Manufacturers must support the producers 

by | Dec 23, 2021 | Business, Local News | 0 comments

 

 

Nevanji Munyaradzi Chiondegwa

 

The Government of Zimbabwe has set pre-planting producer prices for 2022 intake season as follows:

 

Maize           $58 553/t

T/grains       $70263.90/t

Soya beans  $125 530.17/t

Sunflower     $150 686 /t

 

The producer prices are not set on by accident.
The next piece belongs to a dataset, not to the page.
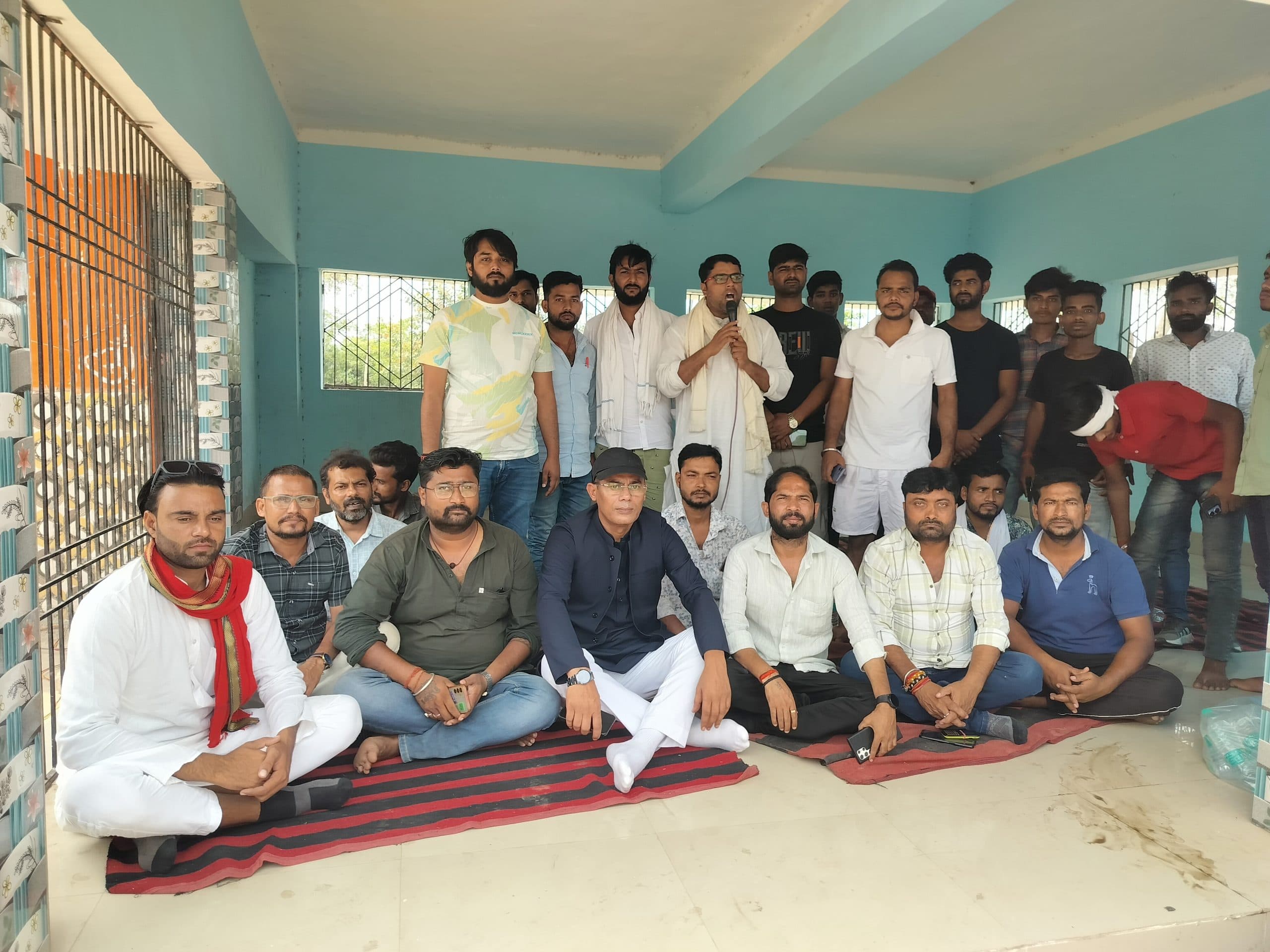 एक माह के अंदर सड़क निर्माण कार्य शुरू नहीं हुआ तो होगा आमरण अनशन : आकाश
They are an instructive guide to farmers on what to concentrate on producing and on what Government is mostly interested in having produced in large quantities.

 

It also helps in the pre-planning stages of farming. One can not expend lots of resources on a crop that is not going to pay back.

 

It is interesting to see that Soya bean and Sunflower producer price are the highest.

 

Even higher than the traditional grains which usually fetch very high prices.

 

This is not accidental at all seeing that soya-bean oil and its faggregates( bean crude oil )are one of Zimbabwe’s major imports.

 

In 2020 alone, the country  used US$128m to import soya beans and crude oil from mostly South Africa with a significant portion coming  from Argentina, Mauritius, Brazil, Korea, Zambia, and China.

 

South Africa and Zambia have almost similar climates to Zimbabwe, similar soils, rainfall parttens.

 

This then means that the huge amount of money we exported was money that we could have saved and invested in our own Agriculture.

 

Had the huge amount been invested in Agriculture, jobs would have been created, expanding our tax base, increasing consumers, prices of cooking oil and other Soya bean extracts kept low.

 

This would inadvertently have benefitted the country and economy as a whole.

 

So, in response to the shortage of soya bean, United Refineries  which is one of the highest users of Soya bean oil, started an out grower alliance (SOBOA) initiative in 2018 when it combined forces with Zimbabwe Agriculture Development Trust, Agribank, CBZ Bank, ZB and FBC to boost soyabean production.

 

The initiative by United Refineries and Government helped the country  achieve a Soyabean production jump of 51 percent to 71 290 tons in 2020/21 season comparative to 2019/20.

 

United Refineries and its partners expect contract farmers to grow soyabean on about 10 000 hectares this year under its soya bean outgrower alliance (SOBOA) initiative against 350 000ha target.

 

In 2017 Ministry of Lands, Agriculture, Water, Fisheries and Rural Resettlement Permanent Secretary John Basera when he was still with CBZ penned an article which stated that National demand is 220 000 metric tonnes per annum.

 

Considering the production against demand, it means that farmers have to tripple production through increasing both yield per hactre and actual hectarage.

 

For this reason, it was prudent to increase the producer price of Soya beans and Sunflower, one being an alternative of the other.

 

President Mnangagwa once asked Minister if Indusrty and Commerce Dr Sekai Nzenza to have her Ministry compile all agricultural produce that the country imports so that there could be a deliberate policy of import substitution.

 

The new producer price are reflective of this deliberate government policy to encourage producers to get into the production of these much needed oil seeds.

 

The biggest threat to Zimbabwe’s economic recovery and currency stabilisation is still the import bill.

 

The country imports more than it exports and mostly the imports are eaw materials including those that the country could very well produce.

 

Pizza base, fatty oils and crude oil and other raw materials used in food production, cooking oil, margarine, soap and so forth could all be substituted with the money being invested in local production of same and retooling exercise for our industry.

 

A simple look at the foreign currency allocation by the Reserve Bank of Zimbabwe will show most is going to manufacturers and these are on food industry.

 

It is then incumbent on both the manufacturers and Ministry of Agriculture to encourage partnerships between farmers and manufacturers for the growth of these raw materials that the country keeps importing.

 

The country by raking up such a huge import bill on items which could be locally produced is doing a disservice to itself. Jobs are being exported, taxes lost, skills lost, assets such as land being underutilised, much needed foreign currency being abused.

 

The action not only causes economic instability especially on the balance of payments and pressure on the local currency, it leads to de-industrilisation.

 

This is what Government must be fighting against especially after giving farmers land.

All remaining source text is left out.